MAC Vectors Connector Overview
MAC Vectors provides access to a broad number of external Vector Stores and Databases. It is built to be leveraged by the MAC Projects AI Connector (Amazon Bedrock, MuleSoft AI Chain & Einstein AI)
What is MAC Vectors Connector?
MAC Vectors is a custom connector for MuleSoft, to provide MuleSoft users access to Vector Databases.
Supported Vector Stores
The MAC Vectors connector supports the following embedding stores.
- Azure AI Search (opens in a new tab) (Microsoft): Cloud-based AI-powered search with semantic search capabilities.
- Chroma (opens in a new tab) (Open Source): Open-source vector database for AI and embeddings management.
- Elasticsearch (opens in a new tab) (Elastic): Scalable search engine for structured/unstructured data and analytics.
- Milvus (opens in a new tab) (Zilliz): Vector database optimized for similarity search and AI workloads.
- Amazon OpenSearch (opens in a new tab) (Amazon Web Services): Managed search service for full-text, structured data queries.
- PGVector (opens in a new tab) (Open Source): PostgreSQL extension for storing and querying vector embeddings.

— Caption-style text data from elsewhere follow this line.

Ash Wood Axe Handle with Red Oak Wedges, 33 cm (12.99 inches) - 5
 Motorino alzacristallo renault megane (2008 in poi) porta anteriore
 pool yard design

- Pinecone (opens in a new tab) (Pinecone): Scalable vector database with high-speed similarity search capabilities.
- Qdrant (opens in a new tab) (Qdrant): Vector database with advanced filtering for semantic search applications.
Supported Model Providers
The MAC Vectors connector supports the following model providers to generate embeddings.

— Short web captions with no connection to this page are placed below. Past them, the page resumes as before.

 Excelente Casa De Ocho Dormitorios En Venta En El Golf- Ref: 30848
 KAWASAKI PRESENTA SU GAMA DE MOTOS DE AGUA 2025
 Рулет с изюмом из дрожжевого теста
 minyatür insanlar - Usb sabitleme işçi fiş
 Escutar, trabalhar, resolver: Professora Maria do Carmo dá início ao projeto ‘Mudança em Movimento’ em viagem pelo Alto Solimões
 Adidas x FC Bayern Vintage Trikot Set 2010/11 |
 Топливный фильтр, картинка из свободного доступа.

- Azure OpenAI (opens in a new tab) (Microsoft): Managed access to OpenAI models through Azure's cloud platform.
- Einstein (opens in a new tab) (Salesforce): AI platform integrated into Salesforce for CRM automation and insights.
- OpenAI (opens in a new tab) (OpenAI): Developer of advanced AI models like GPT and DALL·E for diverse applications.
- Mistral AI (opens in a new tab) (Mistral): Open-weight LLMs optimized for efficiency and customization in AI projects.
- Nomic (opens in a new tab) (Nomic): Tools for understanding and visualizing large datasets with embeddings and AI.
- Hugging Face (opens in a new tab) (Hugging Face): Community-driven hub for machine learning models, datasets, and tools.
Supported Storage Options
- Local: Allows to load data from application local storage
- Azure Blob Storage (opens in a new tab): Allows to load data from Azure Blob Storage
- Amazon S3 (opens in a new tab): Allows to load data from Amazon S3 Buckets
- Google Cloud Storage (opens in a new tab): Allows to load data from Google Cloud Storage
Operations
The MAC Vectors connector offers a range of features to implement advanced RAG use cases:
- Load, parse and split single Document
- Load, parse and split list of Documents
- Generate Embeddings from text
- Generate Embeddings from document
- Add embeddings to Store
- List sources from Store
- Query Store
- Remove embeddings from Store
Table of Supported Operations by Store
Not all the operations are supported by each embedding store, following a detailed view.
Name | Storing Metadata | Filtering by Metadata | Removing Embeddings | List All Embeddings |
---|---|---|---|---|
Azure AI Search | ✅ | ✅ | ✅ | ✅ |
Chroma | ✅ | ✅ | ✅ | ✅ |
Elasticsearch | ✅ | ✅ | ✅ | ✅ |
Milvus | ✅ | ✅ | ✅ | ✅ |
Amazon OpenSearch | ✅ | ✅ | ✅ | |
PGVector | ✅ | ✅ | ✅ | ✅ |
Pinecone | ✅ | ✅ | ||
Qdrant | ✅ | ✅ | ✅ | ✅ |
Additional Integrations
MAC Vectors Connector integrates seamlessly with other MAC Projects AI Connectors and the MuleSoft ecosystem, offering enhanced functionalities.